**Work task**:
Look through the data below. Show each line where the string "Schwarz" occurs.

**Data**:
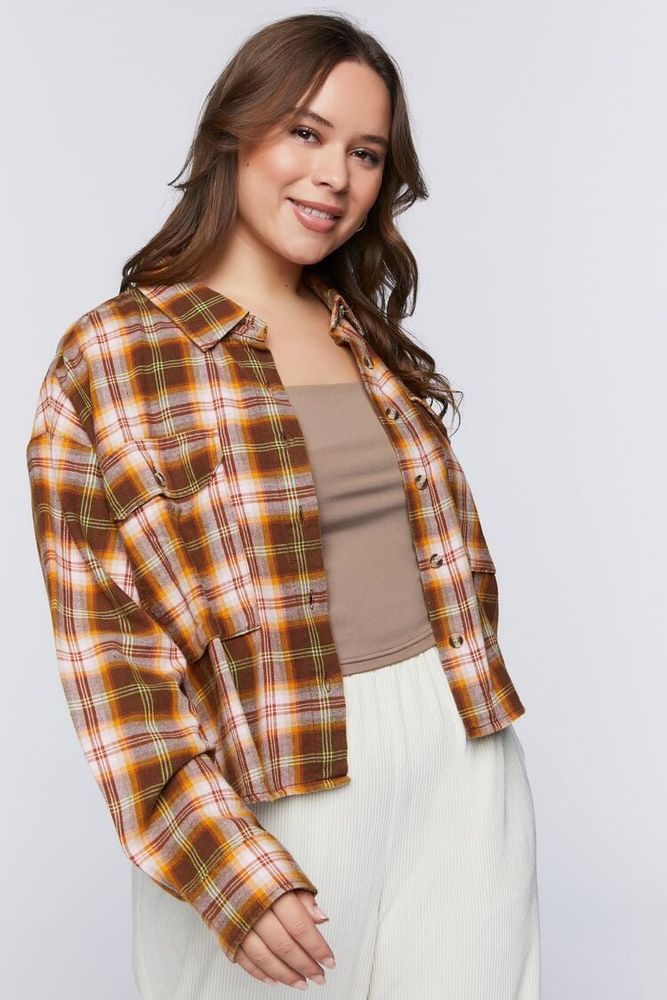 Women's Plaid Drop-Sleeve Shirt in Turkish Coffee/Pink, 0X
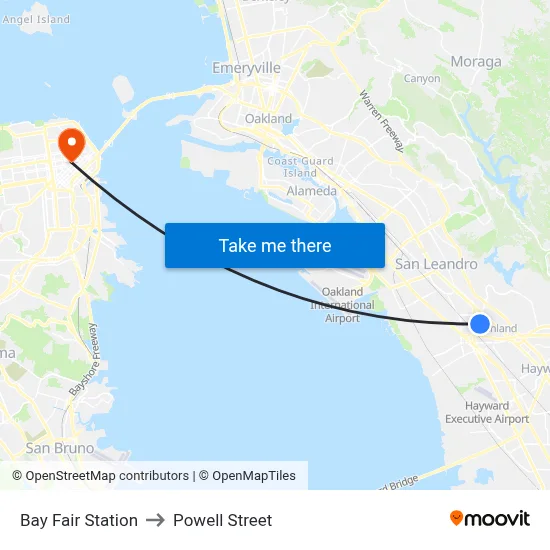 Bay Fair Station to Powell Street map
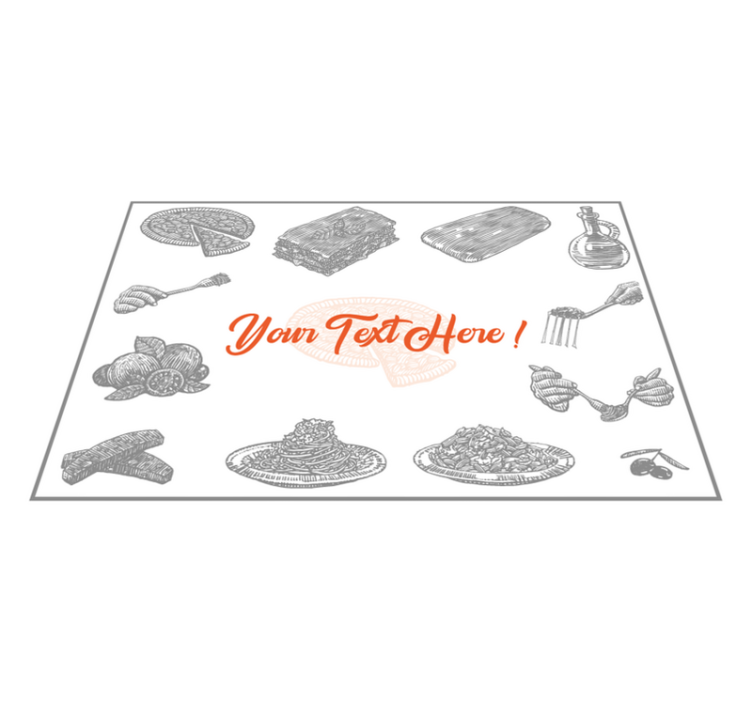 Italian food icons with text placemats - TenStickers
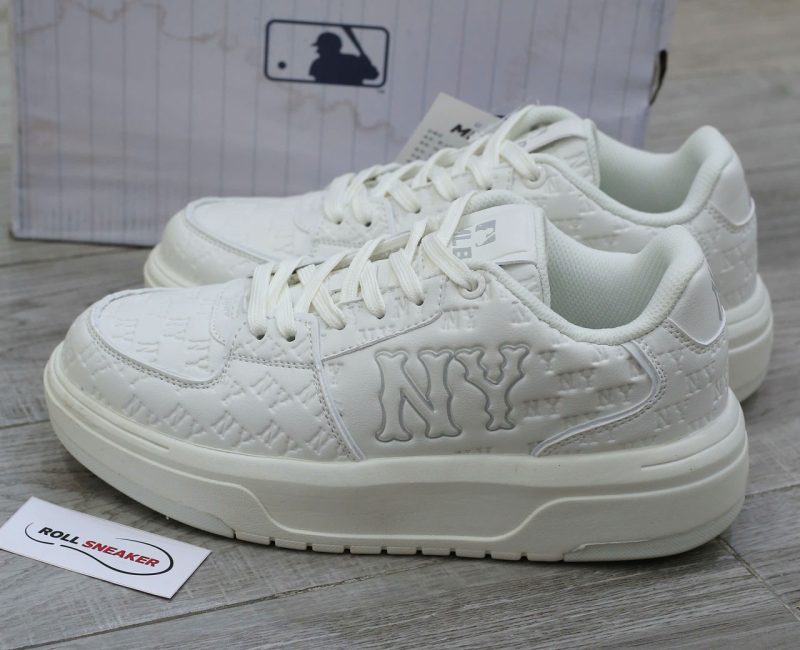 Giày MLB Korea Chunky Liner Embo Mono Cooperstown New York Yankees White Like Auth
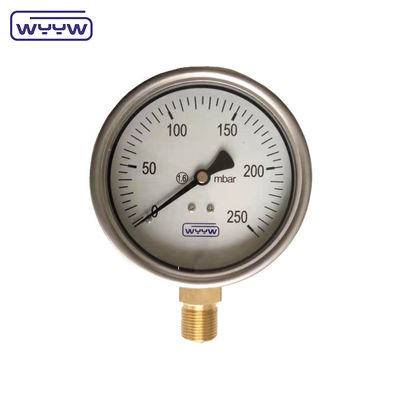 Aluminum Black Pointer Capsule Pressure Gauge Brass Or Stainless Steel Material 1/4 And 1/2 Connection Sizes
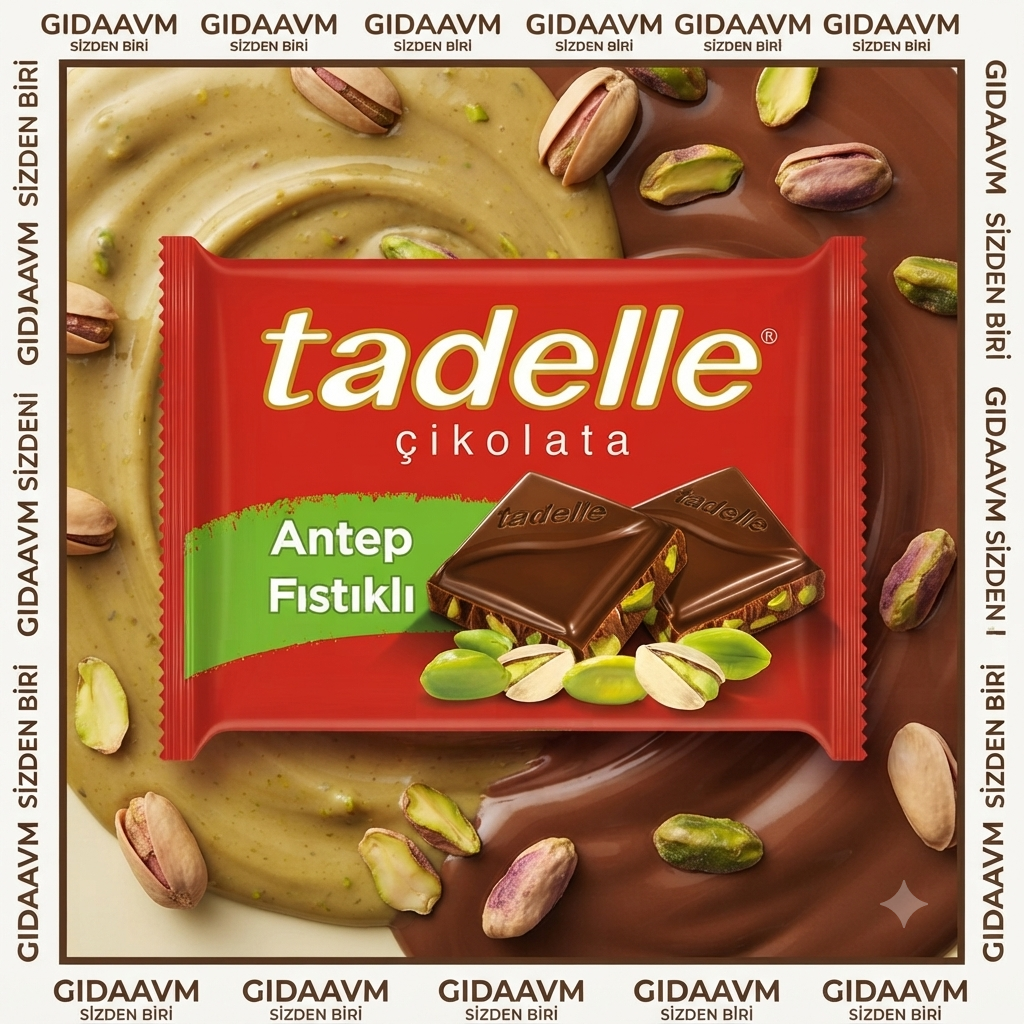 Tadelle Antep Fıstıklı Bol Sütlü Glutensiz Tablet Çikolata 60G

==

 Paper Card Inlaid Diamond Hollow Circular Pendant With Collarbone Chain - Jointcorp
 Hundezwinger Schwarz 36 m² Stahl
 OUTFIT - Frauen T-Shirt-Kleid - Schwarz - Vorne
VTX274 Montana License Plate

...

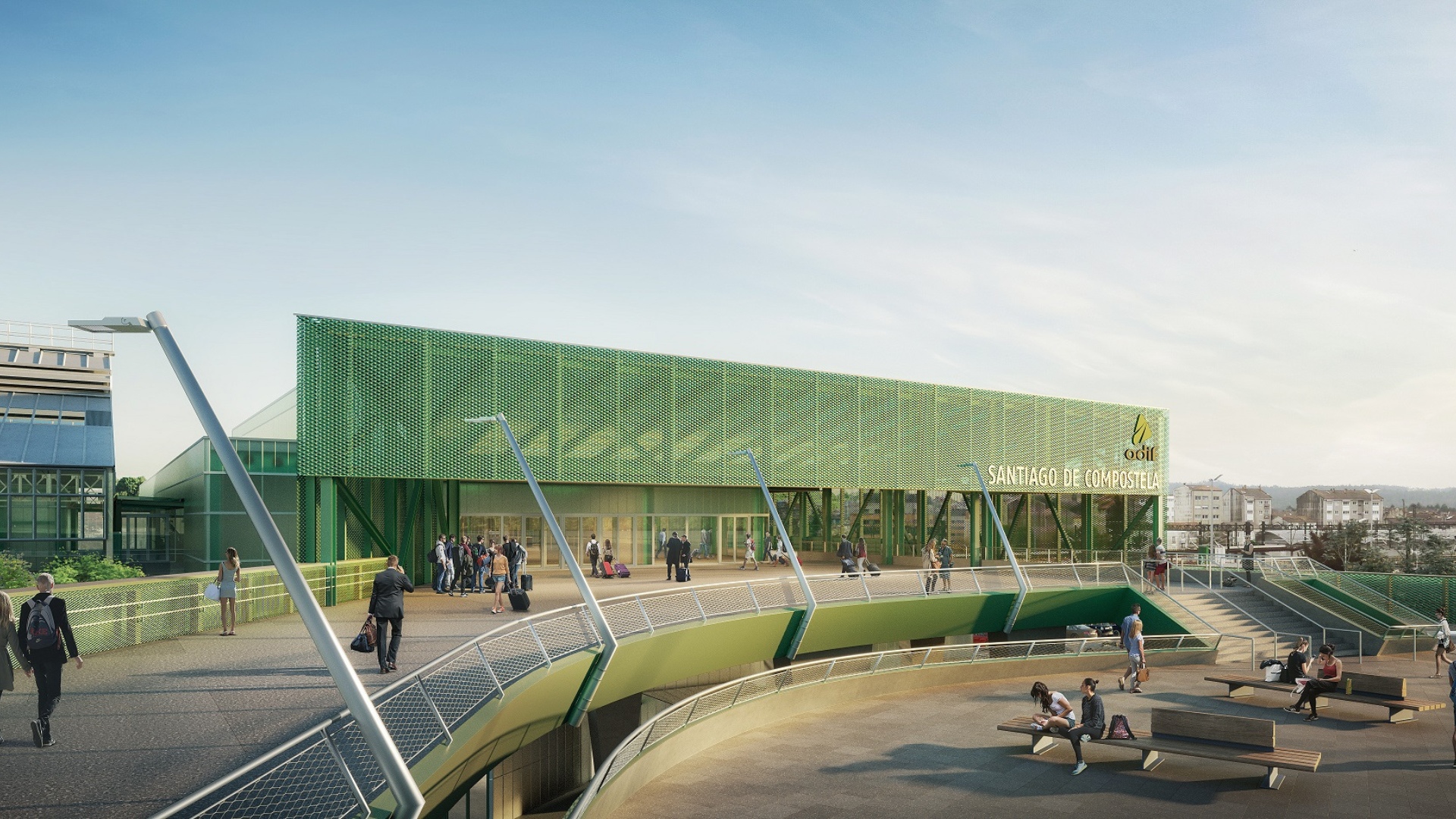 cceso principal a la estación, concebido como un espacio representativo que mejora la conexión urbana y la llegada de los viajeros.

**Reply to the exercise**:
 Hundezwinger Schwarz 36 m² Stahl
 OUTFIT - Frauen T-Shirt-Kleid - Schwarz - Vorne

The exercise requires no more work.